### Exercise details
Transcribe all the entries word for word, skipping the pictures.

--- Data for analysis Enclosed Below ---

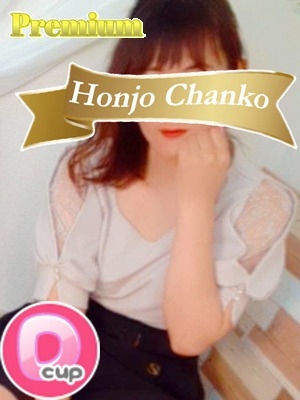 ひびきのプロフィール写真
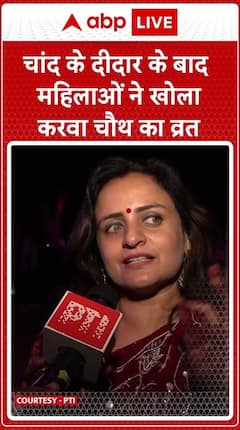 Karwa Chauth 2024: Women Break Their Fast After Sighting The Moon In Celebration | ABP LIVE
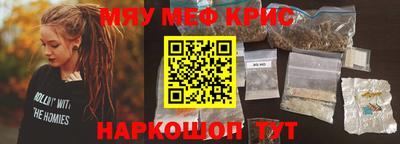 прущий лед Изобильный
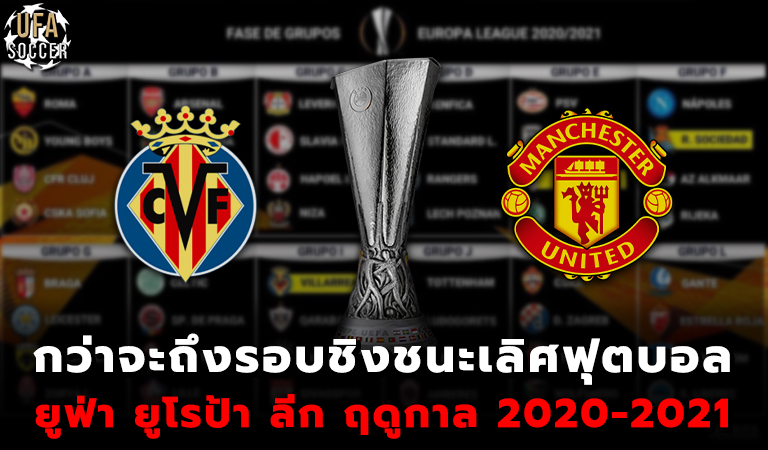 กว่าจะถึงรอบชิงชนะเลิศฟุตบอล ยูฟ่า ยูโรป้า ลีก ฤดูกาล 2020 2021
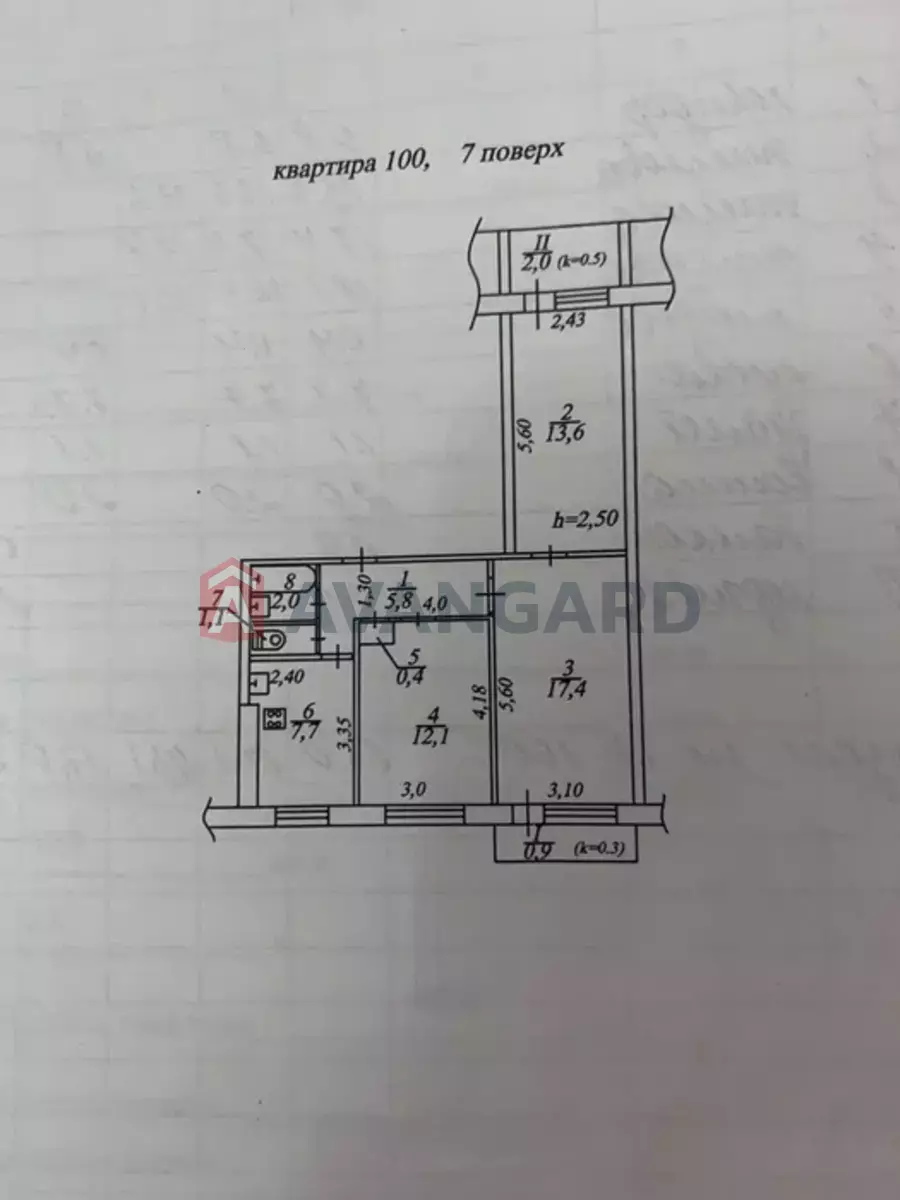3 ����. ��������, 63/-/7 ��. �., 7/9 ���� ���� 13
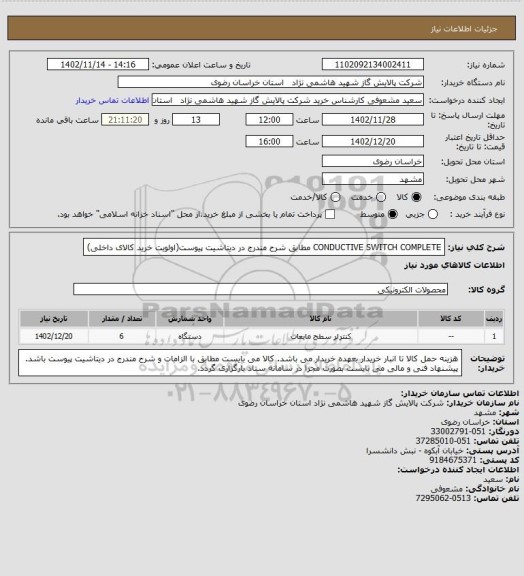 استعلام CONDUCTIVE SWITCH COMPLETE مطابق شرح مندرج در دیتاشیت پیوست(اولویت خرید کالای داخلی)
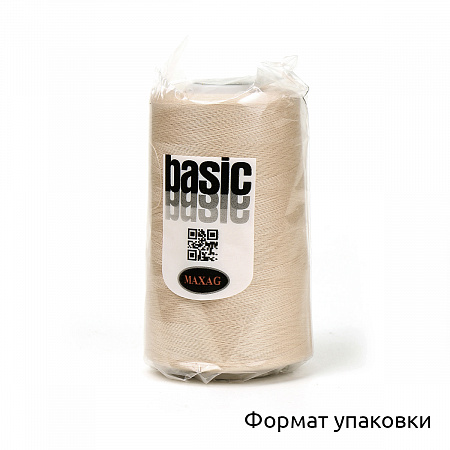 Нитки швейные 40/2 полиэстер 5000 ярд цв.590 коралловый MAX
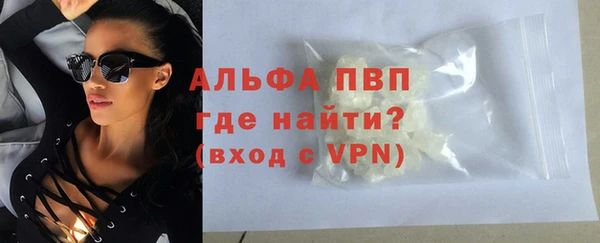 мефедрон мука Куйбышев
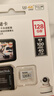 閃迪（SanDisk）128GB TF（MicroSD）4K內存卡 行車(chē)記錄儀 監控攝像頭專(zhuān)用 10,000小時(shí)錄制 重復讀寫(xiě)高耐用存儲卡 曬單實(shí)拍圖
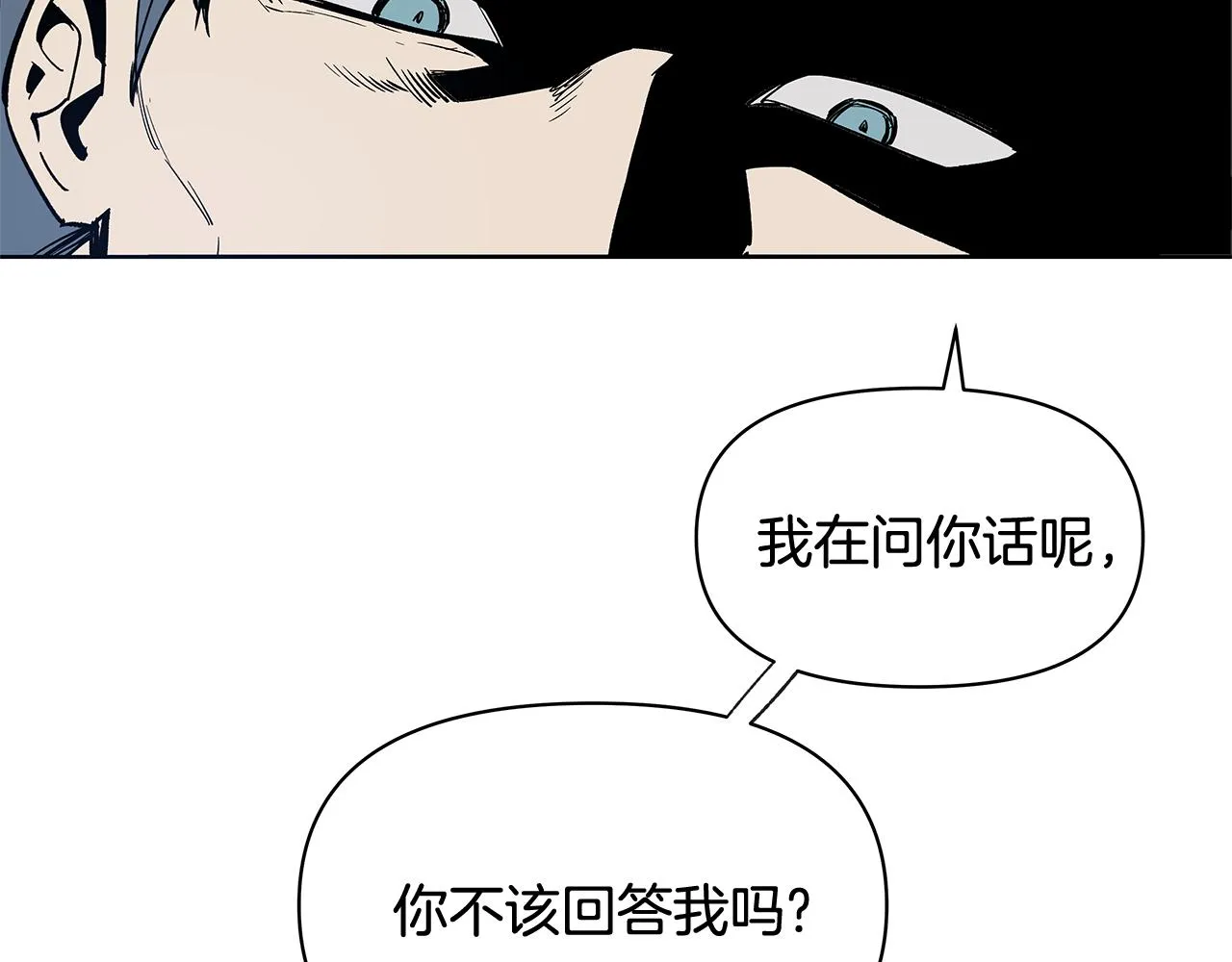 第59话在劫难逃 第63页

--- End of Enclosed Data for analysis ---

### Response below
 ひびきのプロフィール写真
 Karwa Chauth 2024: Women Break Their Fast After Sighting The Moon In Celebration | ABP LIVE
 прущий лед Изобильный
 กว่าจะถึงรอบชิงชนะเลิศฟุตบอล ยูฟ่า ยูโรป้า ลีก ฤดูกาล 2020 2021
3 ����. ��������, 63/-/7 ��. �., 7/9 ���� ���� 13
 استعلام CONDUCTIVE SWITCH COMPLETE مطابق شرح مندرج در دیتاشیت پیوست(اولویت خرید کالای داخلی)
 Нитки швейные 40/2 полиэстер 5000 ярд цв.590 коралловый MAX
 мефедрон мука Куйбышев
 閃迪（SanDisk）128GB TF（MicroSD）4K內存卡 行車(chē)記錄儀 監控攝像頭專(zhuān)用 10,000小時(shí)錄制 重復讀寫(xiě)高耐用存儲卡 曬單實(shí)拍圖
 第59话在劫难逃 第63页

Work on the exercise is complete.